A healthy respect of firearms is absolutely necessary.. but no need to fear them if you handle them properly. I think you'll find, as most of my female friends have found, that after you get comfortable with a .22 pistol, you'll actually look forward to stepping up to a 9mm. Some of my lady friends didn't/don't care for anything larger than 9mm... but obviously it all depends on the individual!  Oh.. and by the by.. they all hated the shotguns!


----------



## d_saum (Jan 17, 2012)

FatTire said:


> + 1 on the.22. My gf was anti gun, till I finally talked her in to shooting my old .22 revolver. Now she has a G23 (.40) that she loves to shoot


NICE!!!! What kind of revolver was it? (oh and by the way.. I've been meaning to ask you.. did you choose your screen name because of the beer?

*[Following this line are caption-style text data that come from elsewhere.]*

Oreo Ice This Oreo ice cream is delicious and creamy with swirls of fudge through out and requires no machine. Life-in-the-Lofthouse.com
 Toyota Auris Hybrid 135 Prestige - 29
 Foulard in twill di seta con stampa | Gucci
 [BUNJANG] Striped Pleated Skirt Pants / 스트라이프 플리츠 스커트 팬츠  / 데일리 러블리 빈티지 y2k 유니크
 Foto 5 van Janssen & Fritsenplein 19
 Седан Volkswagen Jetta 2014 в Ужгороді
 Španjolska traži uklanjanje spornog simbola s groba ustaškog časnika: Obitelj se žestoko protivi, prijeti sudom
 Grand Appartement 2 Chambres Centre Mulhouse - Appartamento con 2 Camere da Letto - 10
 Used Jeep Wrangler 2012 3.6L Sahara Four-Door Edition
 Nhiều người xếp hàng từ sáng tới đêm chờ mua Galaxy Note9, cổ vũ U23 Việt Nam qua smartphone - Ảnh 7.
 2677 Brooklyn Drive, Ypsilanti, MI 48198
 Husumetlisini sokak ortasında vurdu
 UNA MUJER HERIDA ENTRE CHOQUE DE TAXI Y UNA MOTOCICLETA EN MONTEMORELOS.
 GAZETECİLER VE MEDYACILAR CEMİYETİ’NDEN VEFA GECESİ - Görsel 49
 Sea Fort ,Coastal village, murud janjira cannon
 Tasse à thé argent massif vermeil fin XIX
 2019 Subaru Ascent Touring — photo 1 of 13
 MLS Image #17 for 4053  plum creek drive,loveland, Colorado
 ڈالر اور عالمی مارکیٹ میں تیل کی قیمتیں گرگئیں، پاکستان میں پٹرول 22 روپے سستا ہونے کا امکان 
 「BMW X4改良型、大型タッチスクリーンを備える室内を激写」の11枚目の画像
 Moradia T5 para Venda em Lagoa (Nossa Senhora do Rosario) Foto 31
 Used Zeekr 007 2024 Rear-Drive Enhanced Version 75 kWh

If so.. I'm a fan!) :beercheer:


----------



## FatTire (Mar 20, 2012)

d_saum said:


> NICE!!!! What kind of revolver was it? (oh and by the way.. I've been meaning to ask you.. did you choose your screen name because of the beer? If so.. I'm a fan!) :beercheer:


It's a no name my dad bought at coast-to-coast hardware many, many years ago. Never fails though. And came with 2 cylinders, shoots shorts thru lr's

And no, I came up with it as a screen name because I used to be really into mountain bikes, which compared to road bikes have fat tires... But the beer is my third favorite


----------